CloudSnorkel / CloudWatch2S3

Logging infrastructure for exporting all CloudWatch logs from multiple accounts to a single S3 bucket
MIT License
48 stars 26 forks source link

Lambda.MissingRecordId #3

Open rsw31106 opened 4 years ago

rsw31106 commented 4 years ago

Hi I get some error message "errorCode":"Lambda.MissingRecordId","errorMessage":"One or more record Ids were not returned. Ensure that the Lambda function returns all received record Ids." in LogProcessorFunction

most of logs are deliveried to S3, but some logs got that error, How could I solve this?

kichik commented 4 years ago

Is it possible the result is over the 6mb Lambda limit?

https://github.com/CloudSnorkel/CloudWatch2S3/blob/d1b23d6c4509e89c91f5c0c67126643761fe4846/CloudWatch2S3.template#L513-L521

Do the records ever come back in the next chunk or are they completely lost?

rsw31106 commented 4 years ago

Thank you for your reply, record is not over 6mb, I am not sure all of error records are completely lost, but when I check with other db, I could confirm some records are completely lost. If S3's data is 70mb, error data is approximately 1mb,

kichik commented 4 years ago

Would you be able to add some logging at line 521 so we can confirm it's not this? I can't find any other code path that would cause this.

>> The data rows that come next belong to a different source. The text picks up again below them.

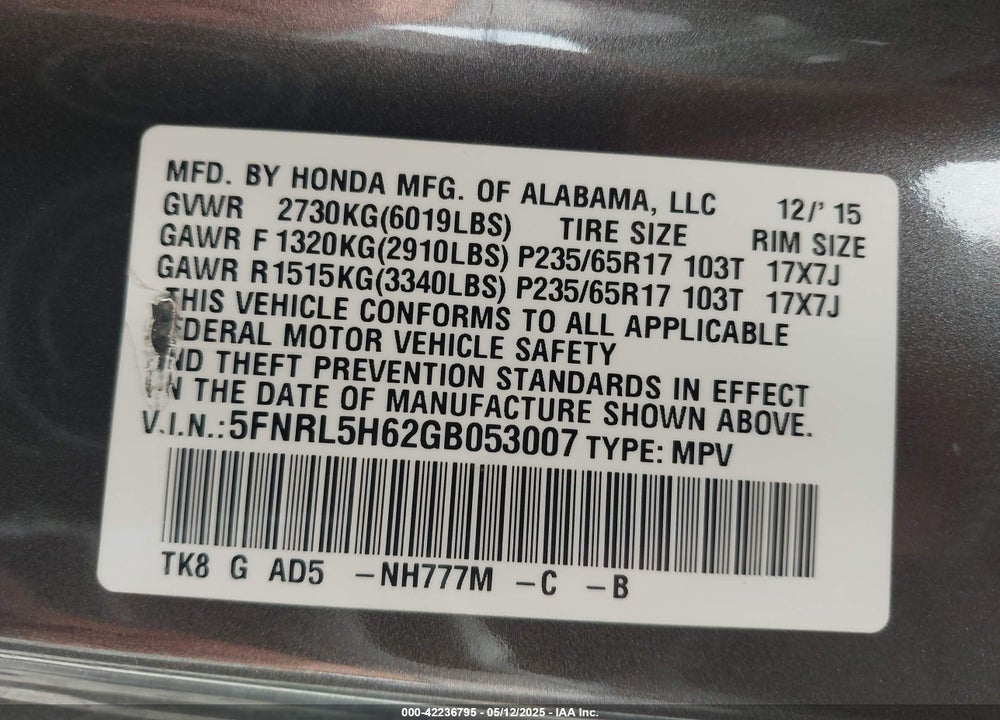 2016 HONDA ODYSSEY EX-L VIN: 5FNRL5H62GB053007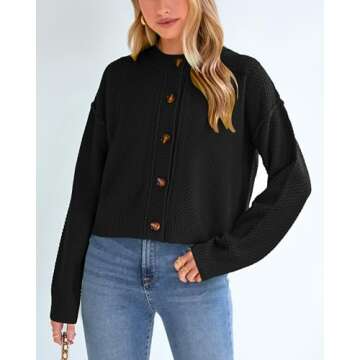 PRETTYGARDEN Women's Long Sleeve Open Front Button Up Cropped Cardigan Cute Fall Sweaters 2024 Chunky Knit Short Coats(Solid Black,Medium)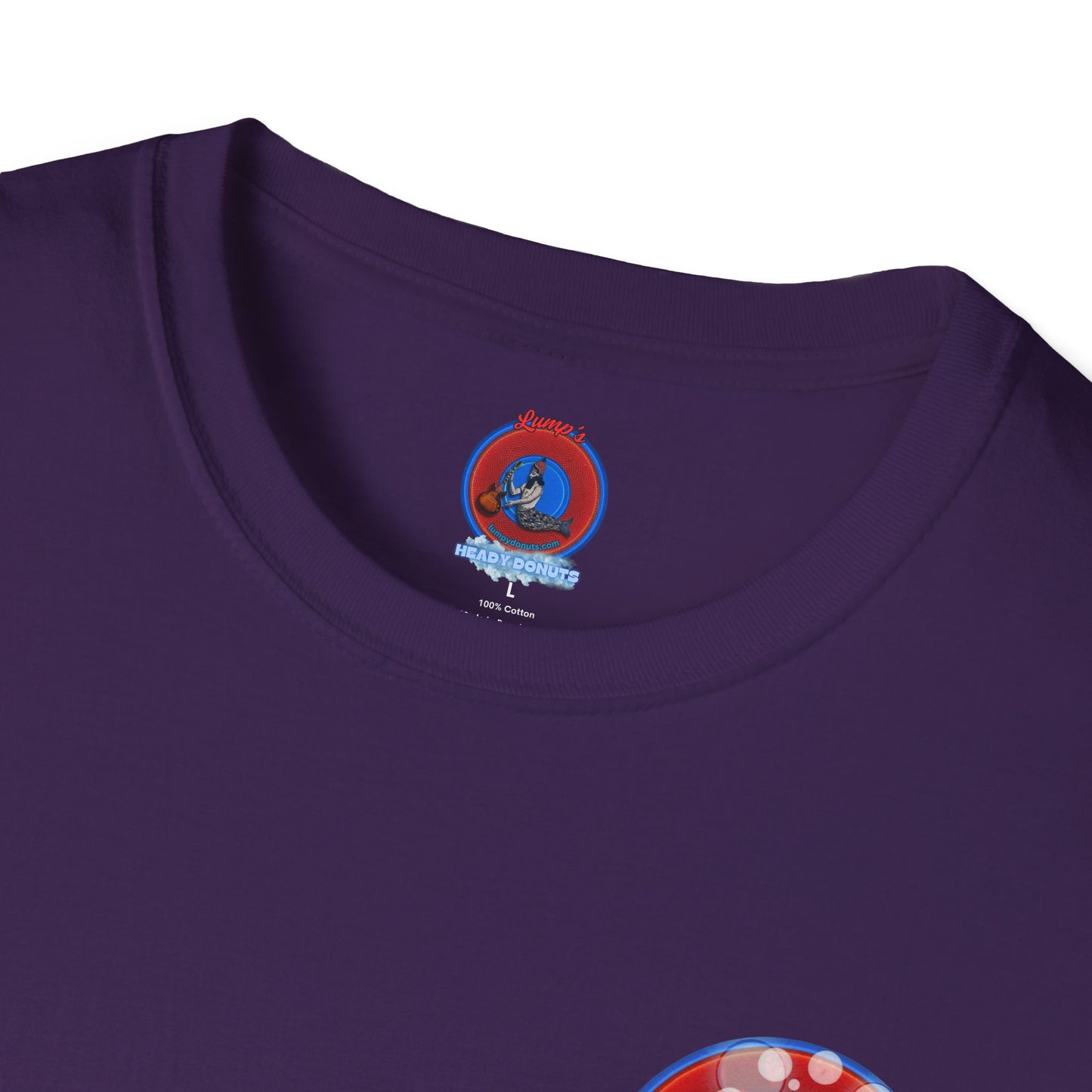 Classic Donut Tee - Unisex Soft-Style - "Bubbler's Donut Tee" - vivid red/blue donut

rsw31106 commented 4 years ago

Yes you are right, I am sorry. some records are over 6mb. How could I handle this to make it under 6mb? Processing Lambda Buffer Size is already 1mb, timeout is 60 seconds.

kichik commented 4 years ago

Ok, good. At least there is no mystery bug :) I should add a log line there anyway so it's clearer next time.

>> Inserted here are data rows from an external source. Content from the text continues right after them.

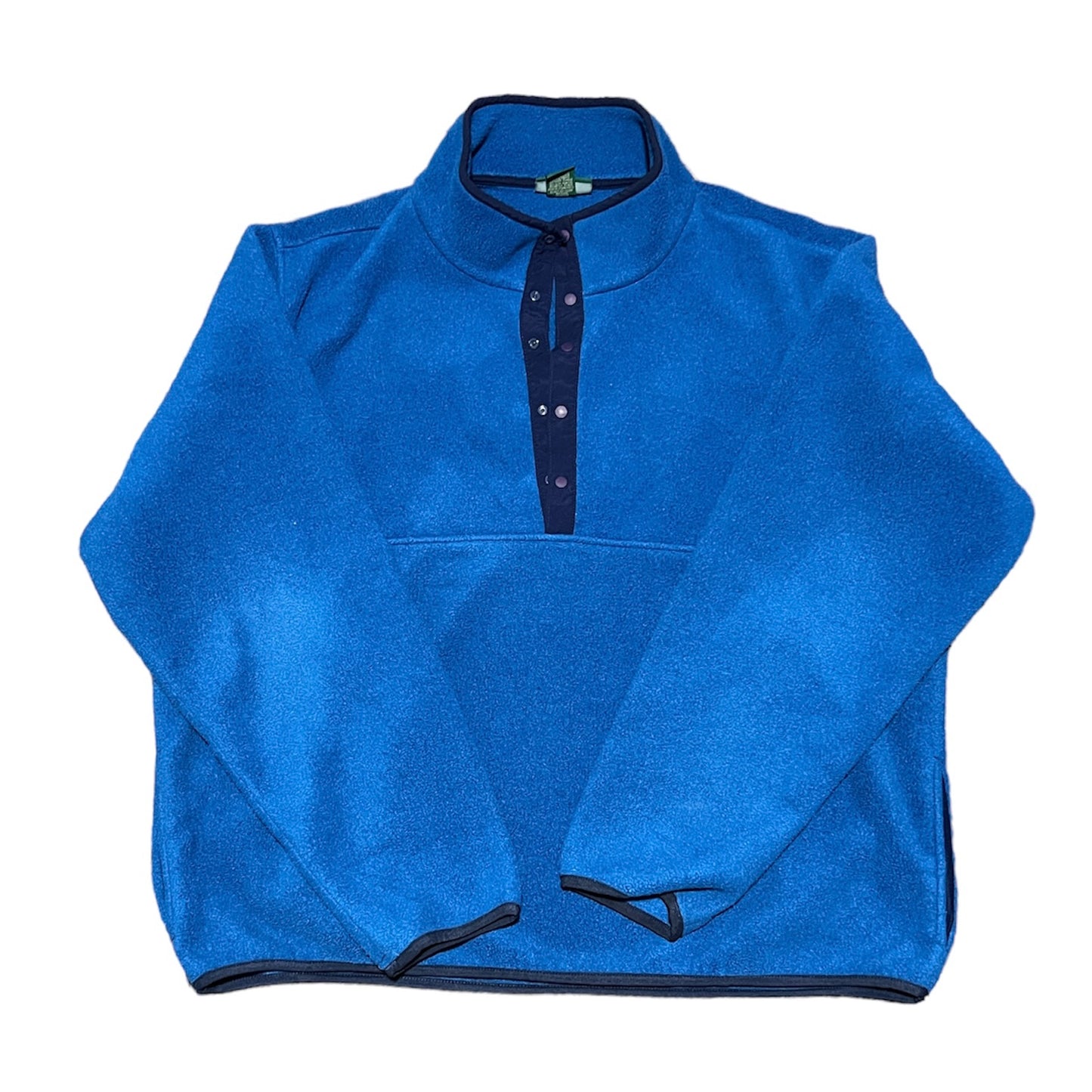 LL Bean Sweater Blue Snap Up Fleece Pullover Size 2XL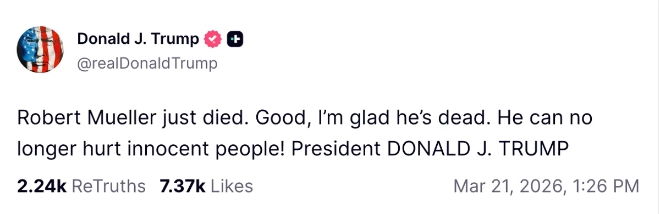 도널드 트럼프 미국 대통령이 지난 21일(현지시각) 소셜미디어에 올린 글. 사진=트루스소셜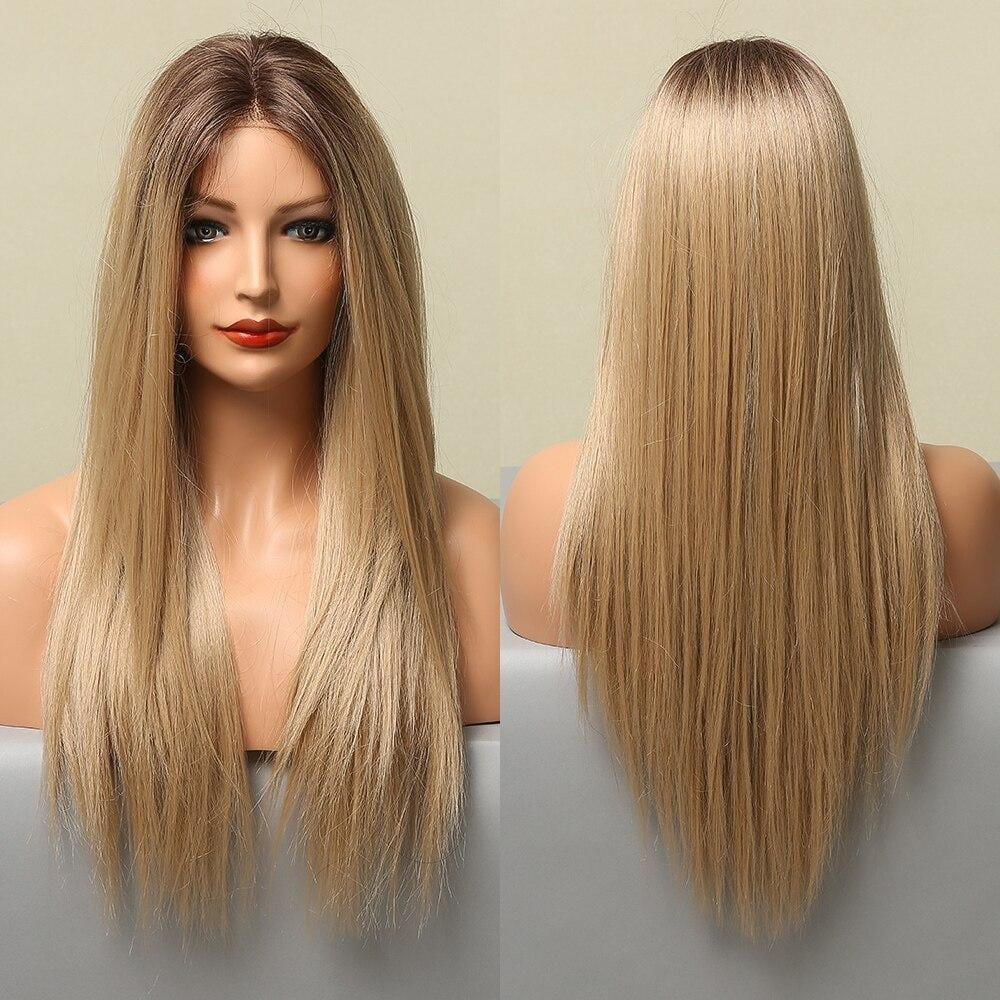 Haircube blonde human hair lace front wig with long straight hair shown from front and back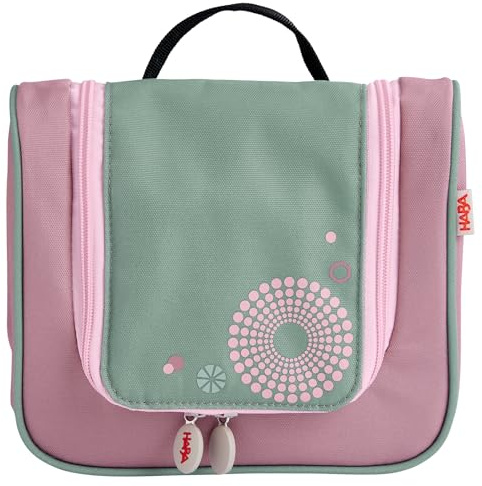 HABA Kinder-Kulturbeutel Salbei – Waschtasche zum Hängen oder Stellen aus recyceltem Polyester, mit Hauptfach, Reißverschlussfach & Netztaschen – ab 2 Jahren 2012726002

Easiest solution is to set log format to CloudWatch JSON (GZIP) and then the lambda is not used at all.

If that doesn't work, the solution depends on your data. Is a single log line over 6mb or just a chunk of them together?

If it's a bunch of them together, you can reduce ProcessorBufferSizeHint and/or ProcessorBufferIntervalHint.

If a single line item is over 6mb, I'm not sure what can be done. If that's the case, I'll have to think about it.

rsw31106 commented 4 years ago

Thank you for your reply, I need decoded log in s3, so lambda has to be called I guess, ProcessorBufferSizeHint and ProcessorBufferIntervalHint is already min value(1mb,60seconds), Could increasing shard count solve this? or If I add Kinesis Trigger to LogProcessorFunction and set Kinesis Trigger batchsize option to 50(default 100) , would it work?

kichik commented 4 years ago

Reducing the batch size might help, assuming there is no single record that's too big on its own. I don't think shard count will make a difference.

I added some more logging around this to missing_records_3 branch. Can you try it out and let me know what shows up in the processor function logs? If it's the second one, maybe we can requeue records. If it's the first, maybe we can break records down and requeue the rest.

rsw31106 commented 4 years ago

I tried your log, but logGroup key error occurred, so I change it to "Skipping single record that's over 6MB" and "Skipping record as output is over 6MB". and Log result was the second one "Skipping record as output is over 6MB". how can we requeue records?

kichik commented 4 years ago

Thanks. We need to give the processor function permission to add records to the stream and then resend them if they're too big for the output. I'll give it a shot after the holidays.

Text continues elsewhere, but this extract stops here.